Kritik Teori Pecking Order
Teori ini telah mendapat banyak kritik dan tantangan dari teori-teori lain, seperti teori trade-off atau teori agency. Beberapa kritik dan tantangan diantaranya:
- Teori ini tidak dapat menjelaskan fenomena empiris bahwa banyak perusahaan yang menggunakan modal sendiri sebagai sumber pendanaan utama mereka, bahkan ketika mereka memiliki akses mudah dan murah untuk mendapatkan hutang. Hal ini bertentangan dengan urutan preferensinya yang menyatakan bahwa perusahaan akan menggunakan modal sendiri sebagai sumber pendanaan terakhir.
- Teori ini tidak dapat menjelaskan fenomena empiris bahwa banyak perusahaan yang memiliki struktur modal yang stabil dan konsisten sepanjang waktu, bahkan ketika mereka mengalami perubahan kondisi keuangan atau investasi. Hal ini bertentangan dengan asumsi yang menyatakan bahwa perusahaan tidak memiliki target struktur modal yang tetap.
- Teori ini tidak dapat menjelaskan fenomena empiris bahwa banyak perusahaan yang melakukan penerbitan saham baru (new equity) tanpa mengalami penurunan harga saham yang signifikan. Hal ini bertentangan dengan implikasinya yang menyatakan bahwa penerbitan saham baru akan dianggap sebagai sinyal negatif oleh pemegang saham dan menyebabkan price dilution.
- Teori ini tidak dapat menjelaskan fenomena empiris bahwa banyak perusahaan yang memiliki tingkat hutang yang rendah, bahkan ketika mereka memiliki kesempatan investasi yang menguntungkan. Hal ini bertentangan dengan implikasinya yang menyatakan bahwa perusahaan akan menggunakan hutang sebagai sumber pendanaan kedua setelah dana internal.

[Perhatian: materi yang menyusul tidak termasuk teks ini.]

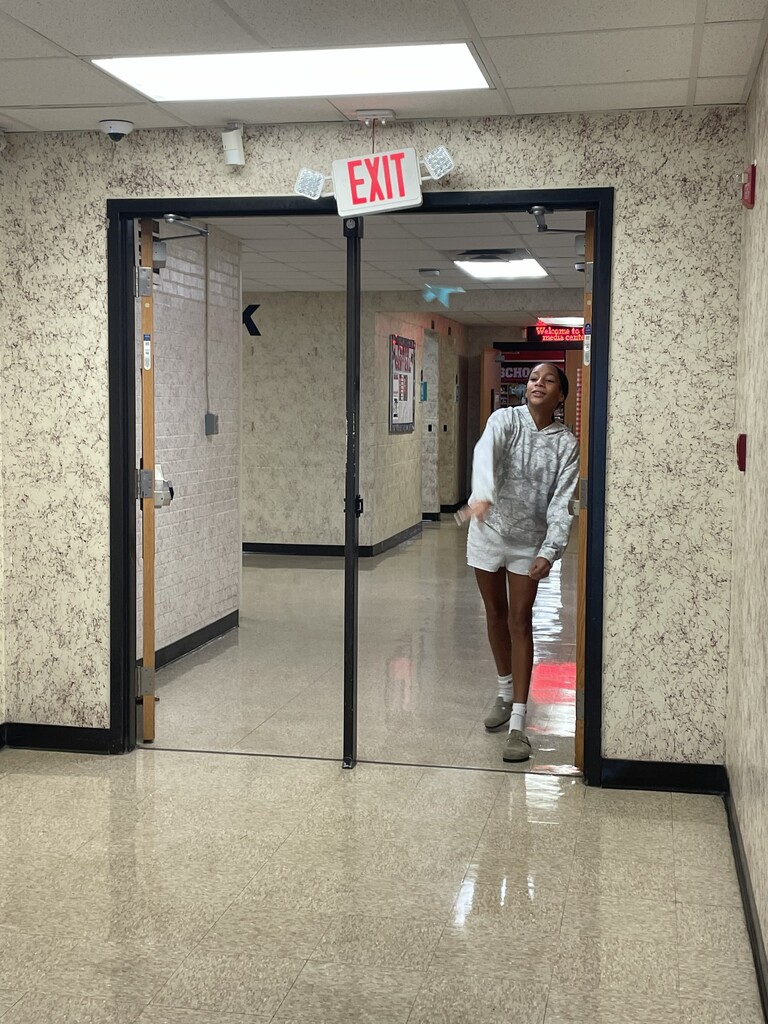 Students throwing paper airplane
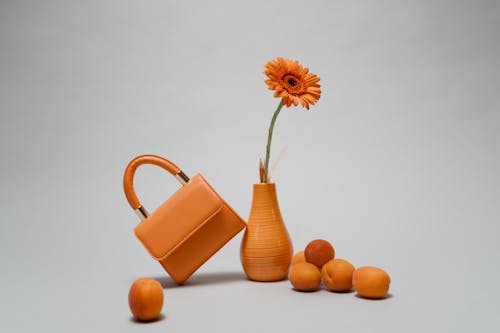 Orange Bag leaning on an Orange Vase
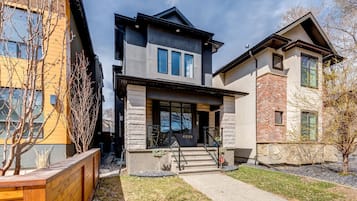 A modern two-story house with a stone facade, a wooden deck, and a clear sky.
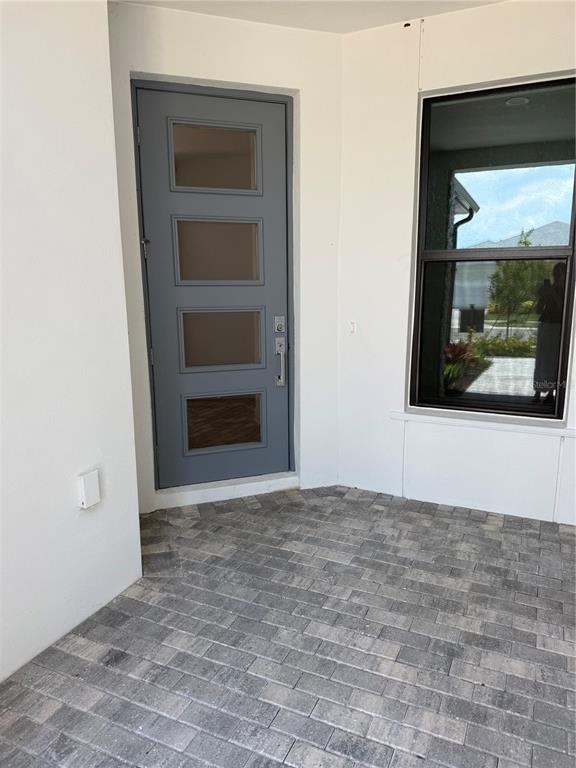 A gray front door with four glass panels sits beside a window on a paved porch — 5853 WINDBREAK COURT, APOLLO BEACH, FL
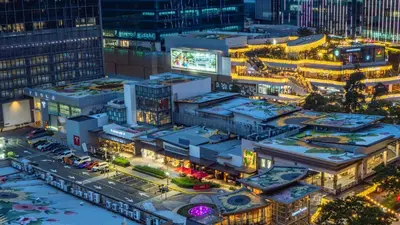 an overhead view of a city at night at Uptown Parksuites Balcony Mall View in Manila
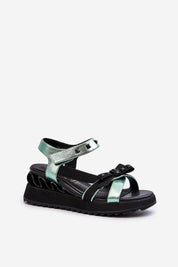 Aurelline Strap Bow Wedge Sandals with green artificial leather upper, black wedge heel, and bow detail, featuring Velcro closure.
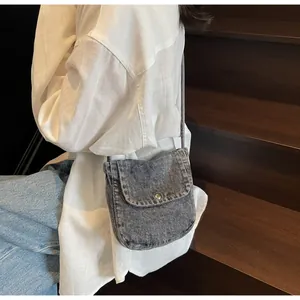 Detail of grey washed denim messenger bag featuring a flap closure and silver buckle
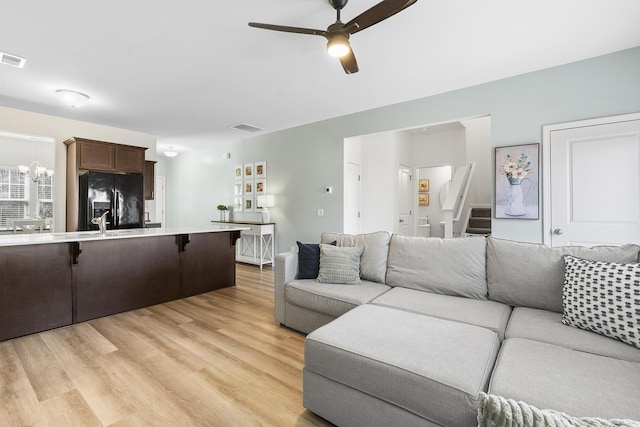 living area featuring ceiling fan with notable chandelier, light wood-style flooring, and visible vents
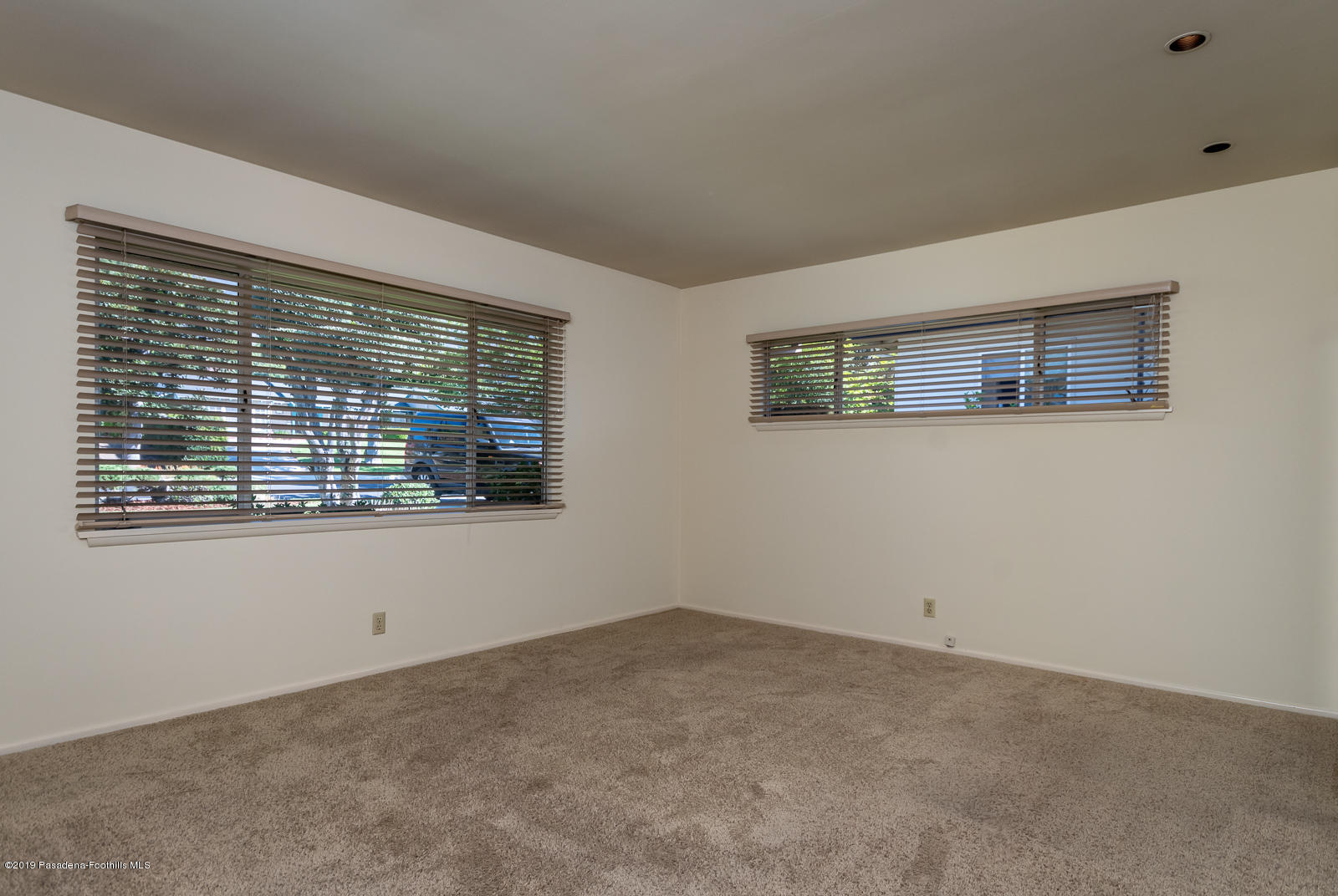 3810 Greenhill Road Pasadena, CA 91107 - Photo 17 of 29 a view of an empty room with a window
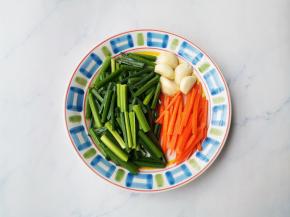 韭苗洗净切段，胡萝卜去皮切段，大蒜拍扁。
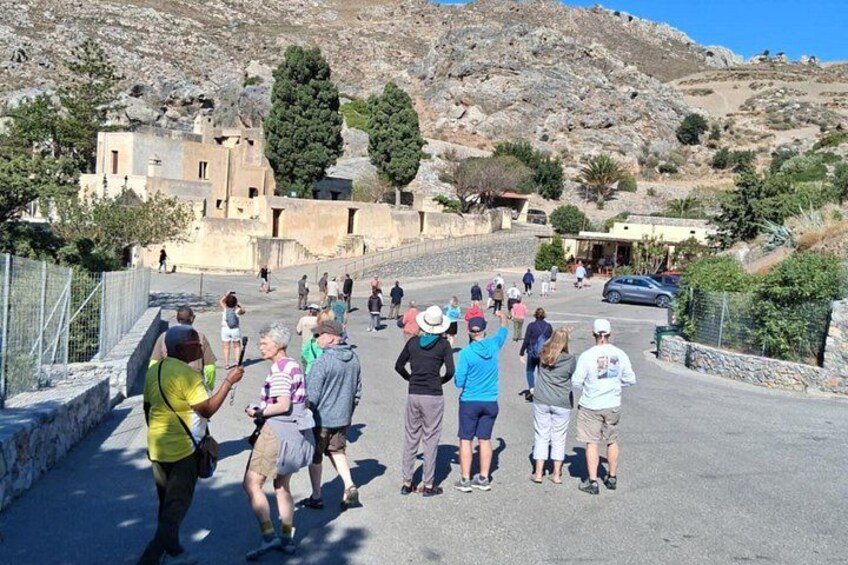 A group of people walking on a paved path in a hilly area with buildings and trees in the background. 5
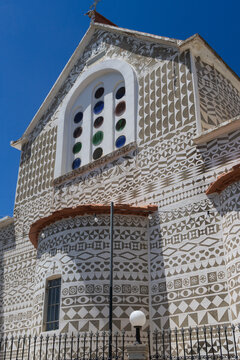 Traditional Byzantine church facade featuring iconic black and white scratched engravings in the mastic village of Pyrgi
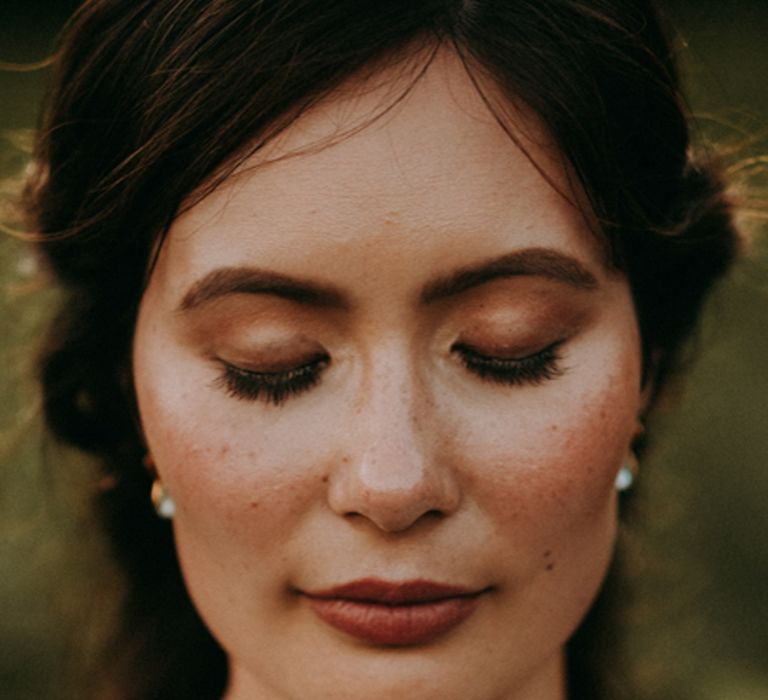 Beautiful bride with freckles wearing brown eyeshadow, pencil eyeliner and lash extensions wedding makeup 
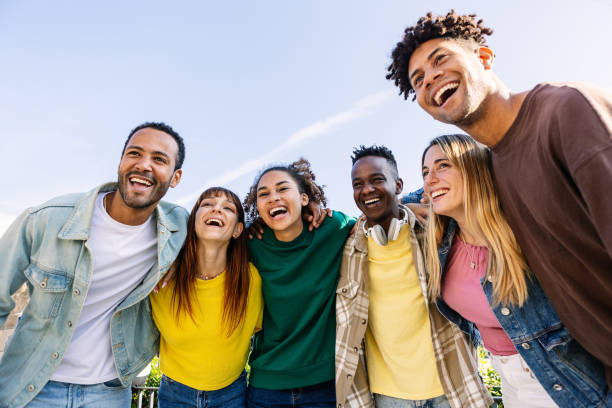 istock Young group of people having fun together outdoors in a sunny day 2194954067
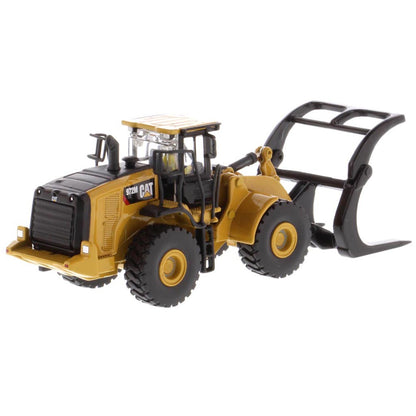 1:50th Scale Diecast Model of a Yellow and Black Caterpillar 972M Wheel Loader with Log Forks on a White Background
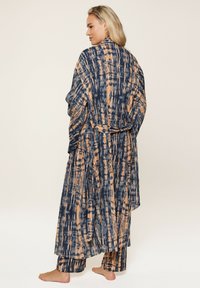 Dlhý kimono s otvoreným predným dielom v námorníckej modrej farbe s abstraktným oranžovým vzorom. Obsahuje široké rukávy a zodpovedajúci opasok. Mäkko tkanina s splývavým dizajnom.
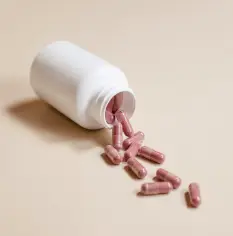 Capsules spilling out of a plastic bottle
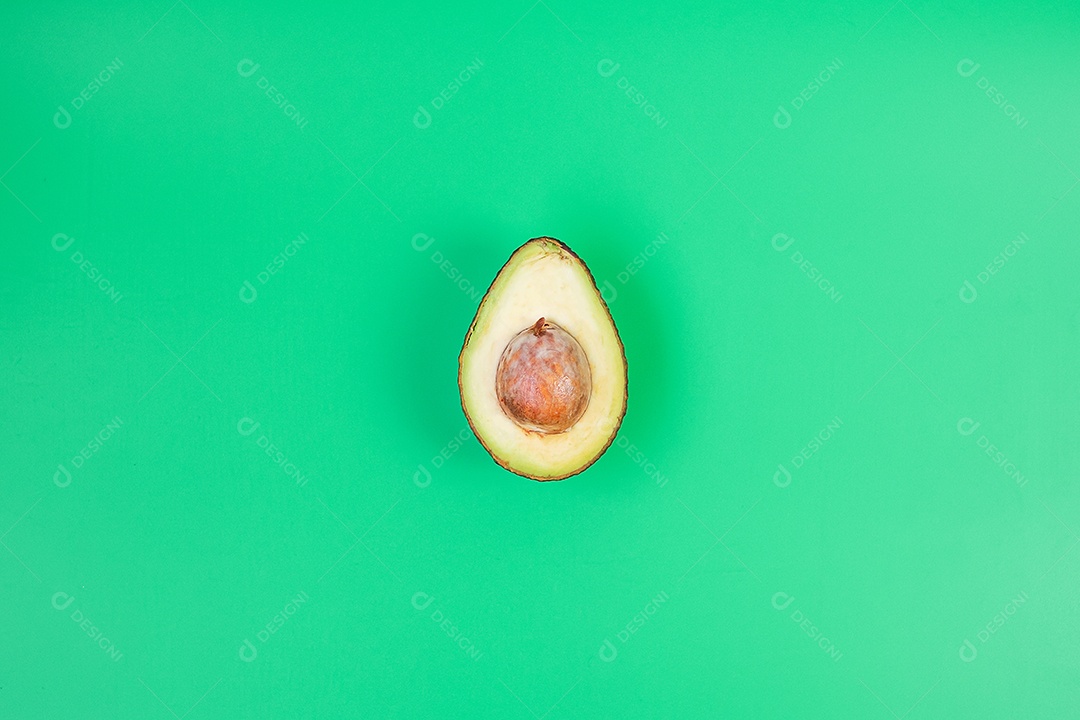 Abacate orgânico com sementes sobre fundo verde. Superalimento, frutas, comida saudável, dieta Keto e conceito vegetariano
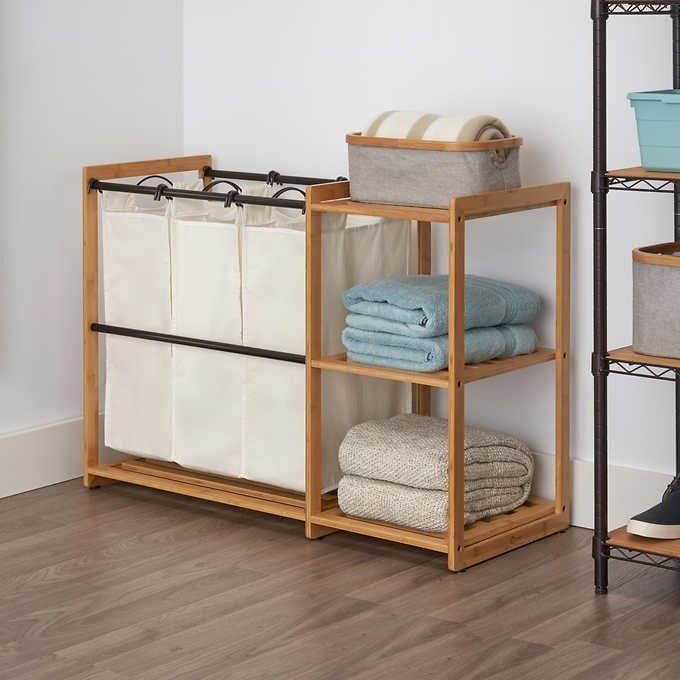 Wooden Laundry center with shelves, towels, and laundry bags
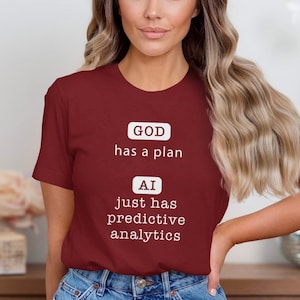 May include: A maroon t-shirt with white text that reads "GOD has a plan" and "AI just has predictive analytics".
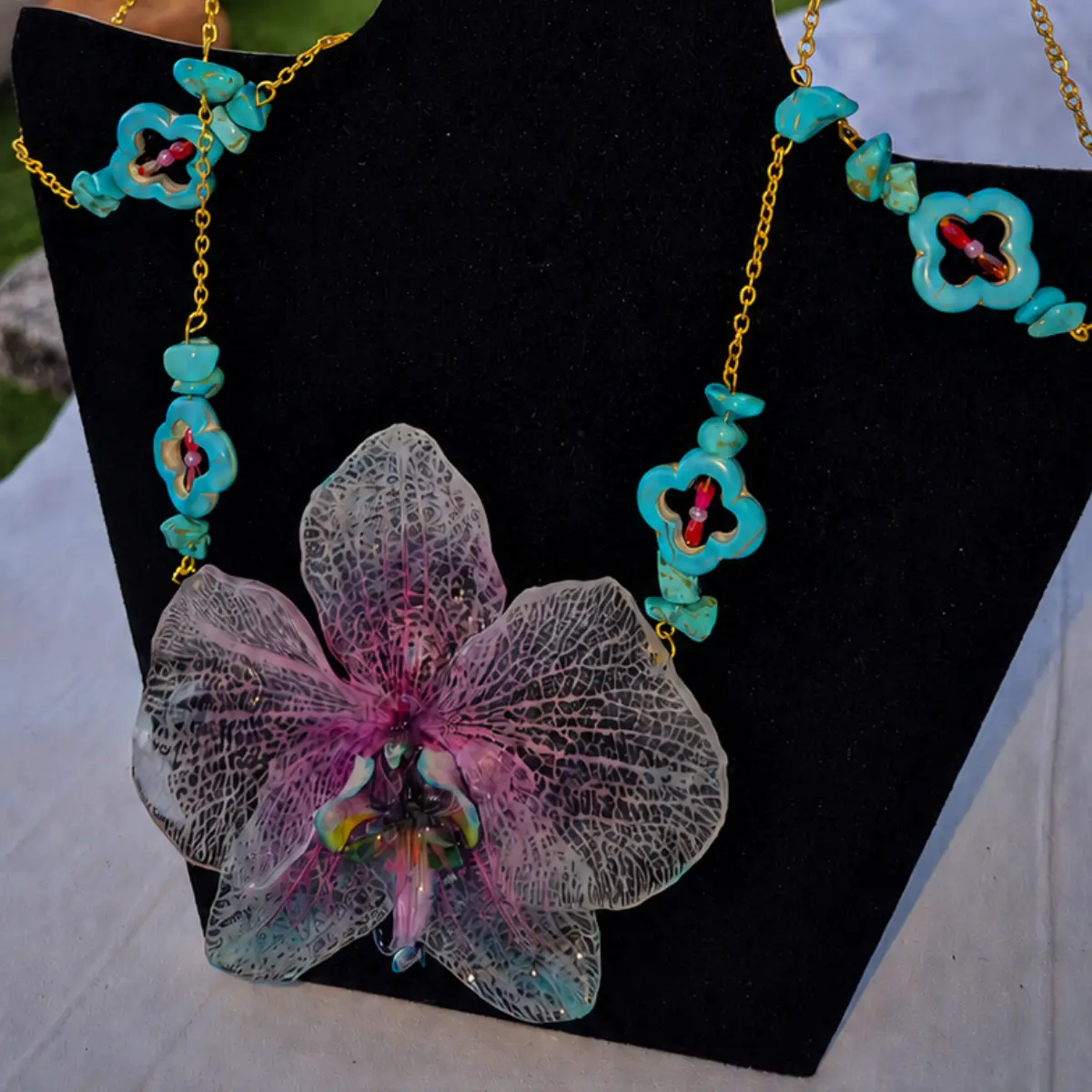 Conjunto Galaxia compuesto por una gargantilla de acero dorado con gran orquídea natural fucsia y lila en resina, cuentas de turquesa y pendientes colgantes exhibido en busto negro.
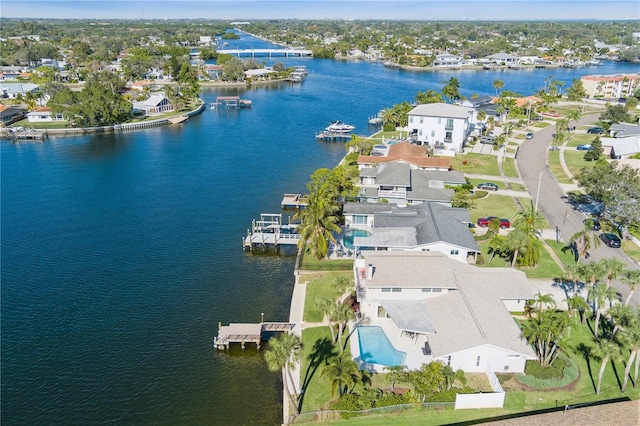 drone / aerial view featuring a water view and a residential view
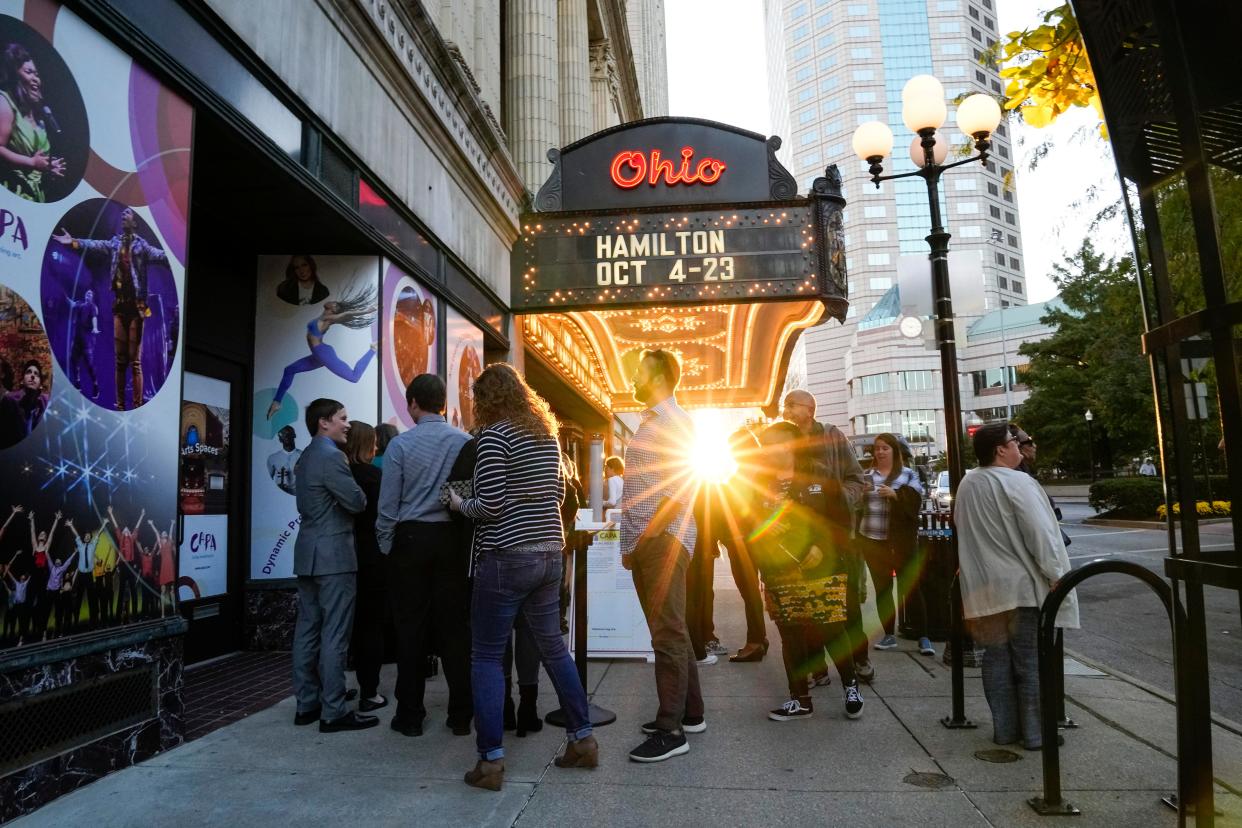Theatergoers wait in line at the Ohio Theatre for the opening night of "Hamilton." The Broadway In Columbus musical runs through Oct. 23.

- Teori ini tidak dapat menjelaskan fenomena empiris bahwa banyak perusahaan yang memilih sumber pendanaan yang berbeda-beda tergantung pada kondisi pasar, karakteristik perusahaan, atau faktor-faktor lain. Hal ini menunjukkan bahwa perusahaan tidak hanya mengikuti urutan preferensi teori pecking order, tetapi juga mempertimbangkan trade-off antara keuntungan dan kerugian dari setiap sumber pendanaan.
Kesimpulan
Teori pecking order menyatakan bahwa perusahaan memiliki urutan preferensi dalam menggunakan sumber pendanaan berdasarkan biaya pendanaan yang tergantung pada tingkat asimetri informasi. Teori ini didasarkan pada beberapa asumsi, seperti adanya asimetri informasi, tidak adanya target struktur modal, timbulnya biaya transaksi dan pajak, dan timbulnya biaya keagenan.
Teori ini mendapat banyak kritik dari teori-teori lain, misalnya dari teori trade-off atau teori agency yang memiliki asumsi dan implikasi yang berbeda serta dapat dapat menjelaskan fenomena-fenomena empiris.
Nah, demikianlah pembahasan tentang teori pecking order,semoga bermanfaat dan menambah wawasan Anda tentang dunia keuangan. Terima kasih dan sampai berjumpa dilain kesempatan.